By implementing those tools, the business no longer needs to adapt to existing data architecture, which limits which queries can be run. Instead, the data architecture adapts itself to specific business needs, which are highly elastic and dynamic. They offer a simple and cost effective way for enterprises to shift their analytics to the data lake, making it the one stop shop for agility and flexibility focused data analytics.
Autonomous query acceleration: the missing link in the data lake analytics stack
Data lake query acceleration platforms like Starburst are the missing link in your data lake stack. Sitting on top of your data lake and query engine, they serve as a smart acceleration layer on your data lake which remains the single source of truth. The data lake becomes the business’s mainstream data analytics platform, enabling enterprises to turn it into a strategic competitive advantage and achieve data lake ROI. Data also becomes a strategic asset, as businesses can use it to respond with agility to new opportunities and threats through innovations that drive business growth and competitive advantage.
Starburst gives you control over the performance and cost of your data lake analytics. Starburst Smart Indexing and Caching autonomously and continuously learns and adapts to the users, the queries they’re running, and the data being used. Workload-level visibility gives data ops teams an open view to see how data is being used across the entire organization, and better focus data ops resources on business priorities.
Dataops teams can specify which workloads are more important and how to allocate budgets.
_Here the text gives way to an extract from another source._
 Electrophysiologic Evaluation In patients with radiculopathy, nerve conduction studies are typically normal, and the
Based on this information, Starburst automatically and dynamically creates appropriate indexes, refines which queries to cache, and even materializes tables with the right column sets, including pre-joining dimensions.
Better together: data lakes and distributed SQL query engines
In short, the power of data lakes is promising when combined with SQL query engine. It holds vast amounts of raw data, in native formats, until it’s needed by the business. Then, when it’s combined with the agility and flexibility of distributed engines in querying that data, it promises organizations the ability to maximize data-driven growth.